聴覚系認知のプロセスの障害

・口頭指示に従えない
・話の内容が理解できない
・クラスの中で話を聞いていない
・ことばを覚え間違う
・聞いても、すぐ忘れる
・すぐ聞き返す
・語いが少ない
・指示代名詞が多い
・会話がトンチンカン


    ↓

学習力が低下


カクテルパーティー効果  ―音の選択性―

  ・たくさんの人の話し声でがやがやした場面でも、話を聞いたり、
   知人の話し声を聞き分けられる力

※音の選択性に問題をもつ場合、騒音でしかない

    ↓

教室の中での教師の指示の聴き取りができない


聴覚系認知のシステム ―ことばは脳で聞く―

よくLD児や自閉症児がことばへの反応が悪いことから、耳の聞こえが悪いのではないかということで、聴力検査を行ったという話を聞きます。その結果は、ほとんど聞こえには問題がありませんという診断を受けています。

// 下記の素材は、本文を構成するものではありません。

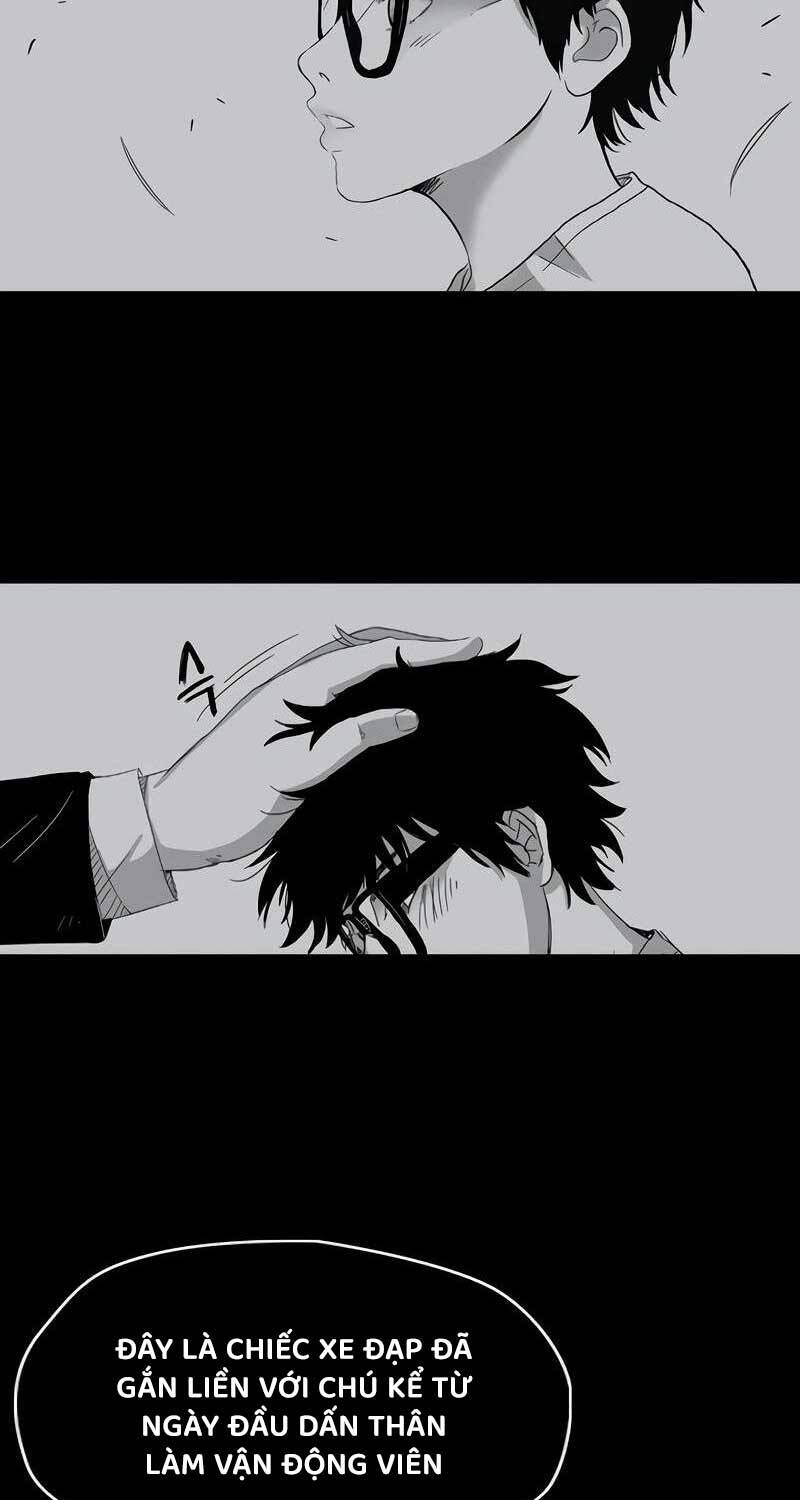 Thể Thao Cực Hạn - Chapter 519 - Page 67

 「聞こえる」「聞いてわかる」というシステムには、実に大きな違いがあり、そのプロセスは、記憶の障害のページの図のような複雑なプロセスがあります。  
耳から音として入ったことばが電気刺激にかわり、左脳の聴覚野に届き、知覚され、ことばとして認知されるわけですが、「聞こえる」は知覚にあたり「聞いてわかる」は認知にあたります。ことばは耳で聞くというより耳で伝えられ脳で聞くと考える方がよく理解できます。  

LD児の言語の問題の基礎には、この聴覚認知のシステムが大きく関与していると思われます。また、先に述べた記憶のシステムとの関連も大きいのが、ことばの理解の問題でもあります。  

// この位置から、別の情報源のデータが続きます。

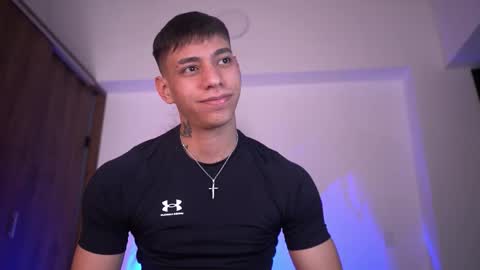 Josep online show from December 2025 11:02:01 PM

ことばの認知について例をあげて考えてみましょう。  
例えば、「カメ」と「アメ」は文字表記すると、違いは一目瞭然ですが、音で聞くと「kame」「ame 」となり、「k」という聞き逃しやすい音素の違いとなり、脳のレベルでこの音の弁別(区別)が弱いと聞き間違うということが起こってきます。  

最近のアメリカの「失読症(ディスレキシア)」研究では、読めないのは視覚的認知の問題だけではなく、聞くプロセスにあるかもしれないという内容の論文が発表されています。  それによると、言語中枢のある左脳の一部が普通の人と異なり、「バ」「ダ」などの破裂音を処理するニューロンの数が少ないというものです。  

これは、「アー」などの長母音は約0.1 秒間持続するが、破裂音は、0.04秒しか続かない。子どものうち、この短い音を聞き取れないと、一つ一つの文字と音が結びつける辞書ができず、文章を読む上で深刻な障害になるというわけです。

英語では、破裂音が聞き取れないとことばの意味をなさないので、例えば「book」というようにbが聞き取れないと意味がわからなくなってしまいます。英語ではこのような音の組合せが多く、日本語より読みの障害が多いと思われます。

日本語では、英語のように音素の組合せが複雑ではないのですが、日本語の音と読みの障害に関係でどのような影響かあるかはまだ十分研究されていません。